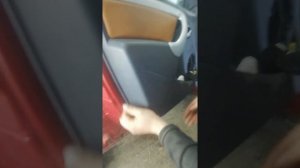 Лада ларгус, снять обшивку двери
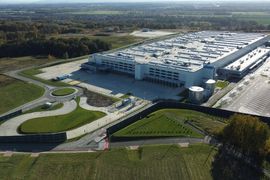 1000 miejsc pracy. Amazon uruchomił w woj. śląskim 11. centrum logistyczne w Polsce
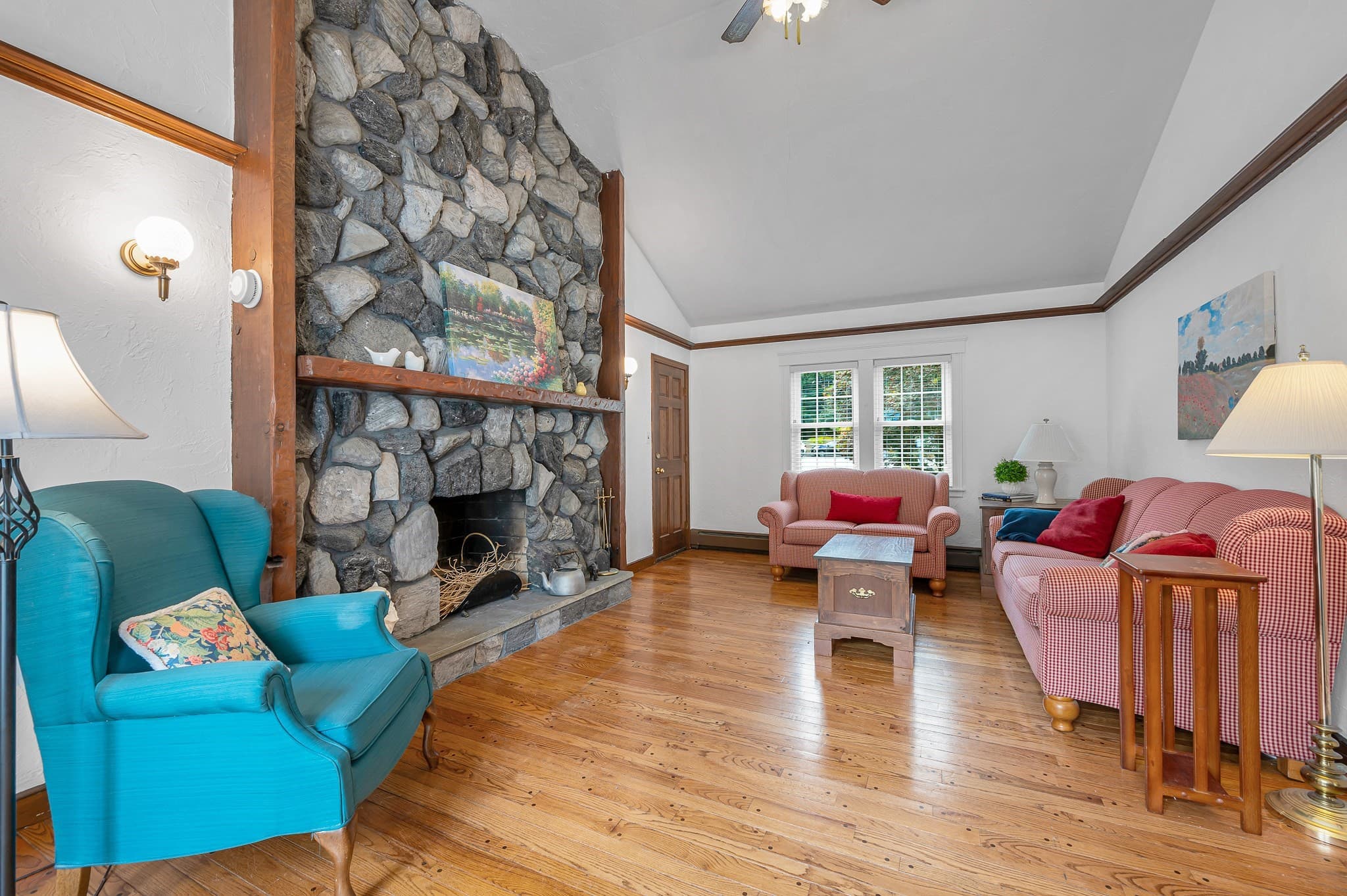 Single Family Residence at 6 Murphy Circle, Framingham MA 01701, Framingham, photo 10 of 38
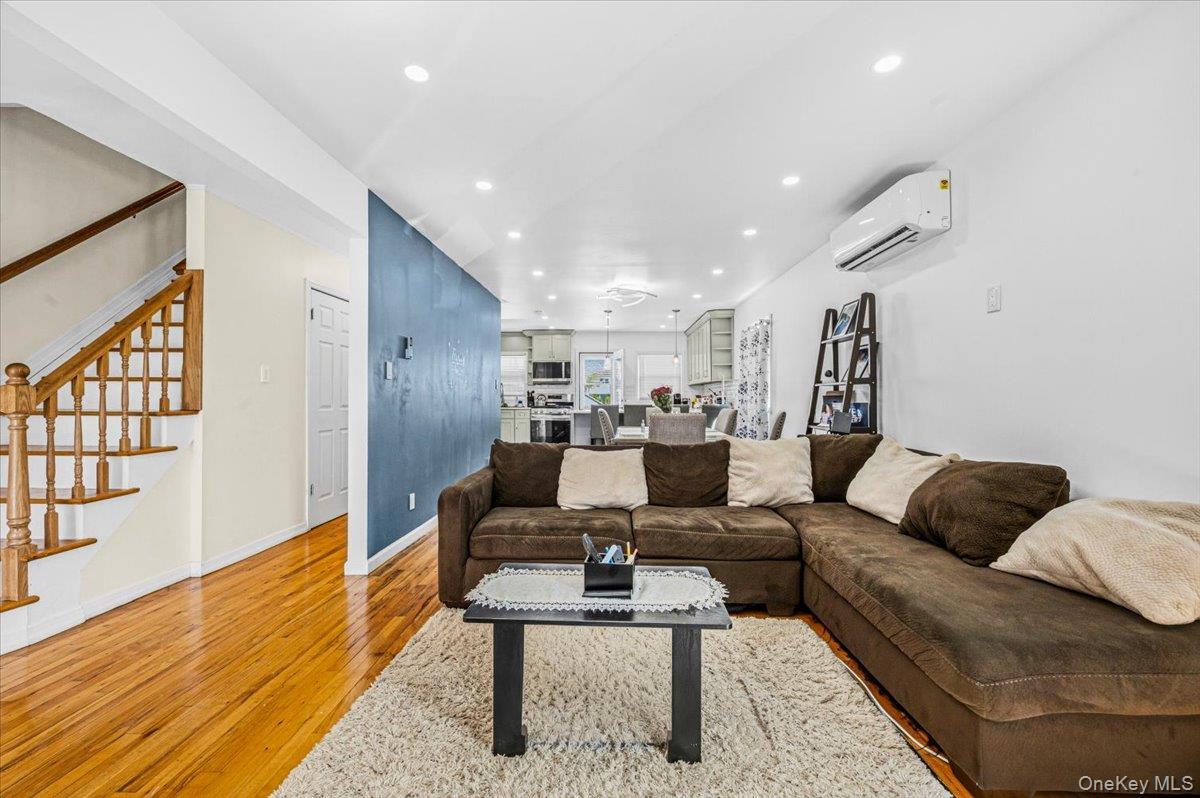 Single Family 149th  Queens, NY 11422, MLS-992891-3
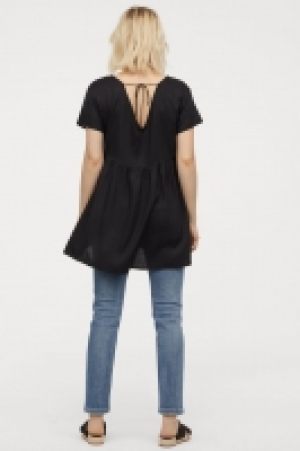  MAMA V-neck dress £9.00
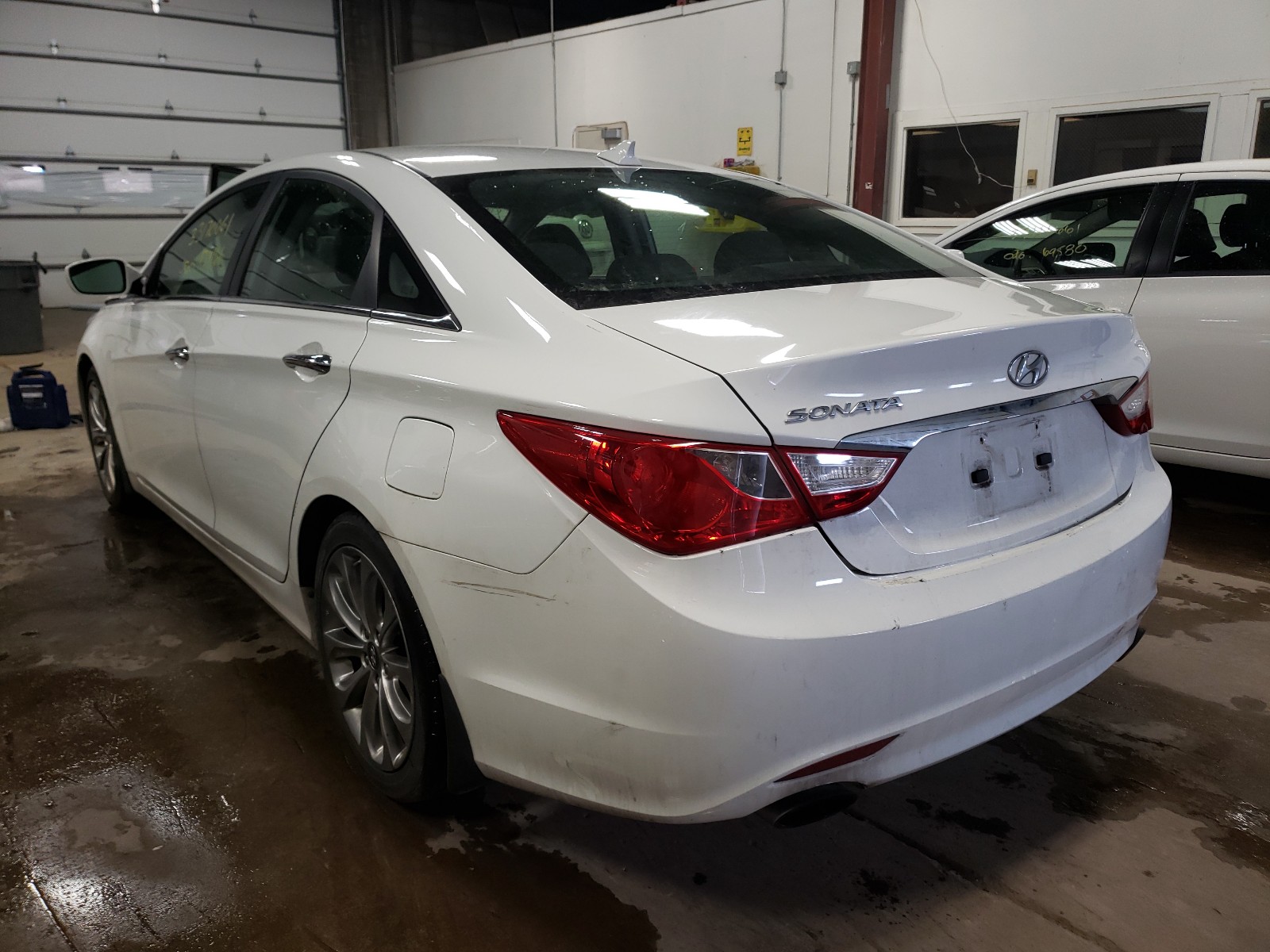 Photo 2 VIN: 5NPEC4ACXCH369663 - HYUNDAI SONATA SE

Work instruction: Please give an exact copy of the lines from the line containing "MAMA V-neck dress £9.00" through the end of the records above, pictures excluded.

Task solution:
  MAMA V-neck dress £9.00
 Photo 2 VIN: 5NPEC4ACXCH369663 - HYUNDAI SONATA SE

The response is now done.